Worldwide, less than ten percent of plastic is recycled, said SanClements. In the United States, the percentage is smaller, especially since China stopped accepting U.S. plastic for recycling in 2018. Plastic needs to be sorted properly and be free of contaminants to be recyclable. Single-stream recycling programs in the United States, which allow people to mix various kinds of materials in single containers, increase contamination and make sorting much more difficult and expensive.
Material will be recycled only if there is a market for it, and right now, the U.S. economy has not developed enough markets to justify large-scale plastic recycling. Some plastic is burned in incinerators to recapture the energy contained in the petroleum-based products, but an estimated 85 percent of plastic used in the United States ends up in landfills or the environment.
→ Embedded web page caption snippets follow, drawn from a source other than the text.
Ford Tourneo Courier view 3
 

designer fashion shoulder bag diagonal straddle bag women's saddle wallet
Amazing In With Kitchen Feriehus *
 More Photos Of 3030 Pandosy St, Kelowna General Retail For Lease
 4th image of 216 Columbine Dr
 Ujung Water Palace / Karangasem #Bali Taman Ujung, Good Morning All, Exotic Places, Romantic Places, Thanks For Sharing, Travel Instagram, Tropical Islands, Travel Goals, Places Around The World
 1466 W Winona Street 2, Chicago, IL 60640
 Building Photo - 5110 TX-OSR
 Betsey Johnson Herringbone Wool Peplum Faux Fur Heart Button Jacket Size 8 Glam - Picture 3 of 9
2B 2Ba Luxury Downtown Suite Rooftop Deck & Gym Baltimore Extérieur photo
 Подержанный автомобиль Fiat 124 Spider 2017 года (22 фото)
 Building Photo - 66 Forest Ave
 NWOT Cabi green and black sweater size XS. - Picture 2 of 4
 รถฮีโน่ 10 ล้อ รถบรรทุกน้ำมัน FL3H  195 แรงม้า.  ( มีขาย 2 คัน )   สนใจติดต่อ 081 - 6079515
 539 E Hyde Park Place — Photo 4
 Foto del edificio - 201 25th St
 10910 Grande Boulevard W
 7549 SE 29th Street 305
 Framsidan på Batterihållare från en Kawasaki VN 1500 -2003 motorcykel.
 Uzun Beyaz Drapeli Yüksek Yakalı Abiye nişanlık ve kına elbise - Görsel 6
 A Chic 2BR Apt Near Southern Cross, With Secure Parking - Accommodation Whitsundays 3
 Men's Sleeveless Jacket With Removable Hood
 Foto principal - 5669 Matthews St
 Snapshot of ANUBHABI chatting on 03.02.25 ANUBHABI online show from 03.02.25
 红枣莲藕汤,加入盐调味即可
As a society we need to differentiate between valuable uses of plastic and unnecessary, harmful uses, he said. He also believes we should make a greater effort to recover the energy stored in plastics by increasing our use of trash-to-energy facilities.
Single-use plastics are obvious candidates for replacement by other materials, he said. Sixty years ago, we had no single-use plastics, but we still had a consumer society that provided all the essentials for middle-class life. Solutions for replacing single-use plastic with other materials already exist, he said.
Reusable cloth grocery bags, refillable bottles for water and coffee, glass jars, paper bags, beeswax wrap, bars of soap, and reusable mesh bags for produce are a few of the simple alternatives that are readily available, affordable, and convenient, said SanClements.
“Nothing makes less sense than wrapping a cucumber that will last a week in plastic that will last a millennium,” he said.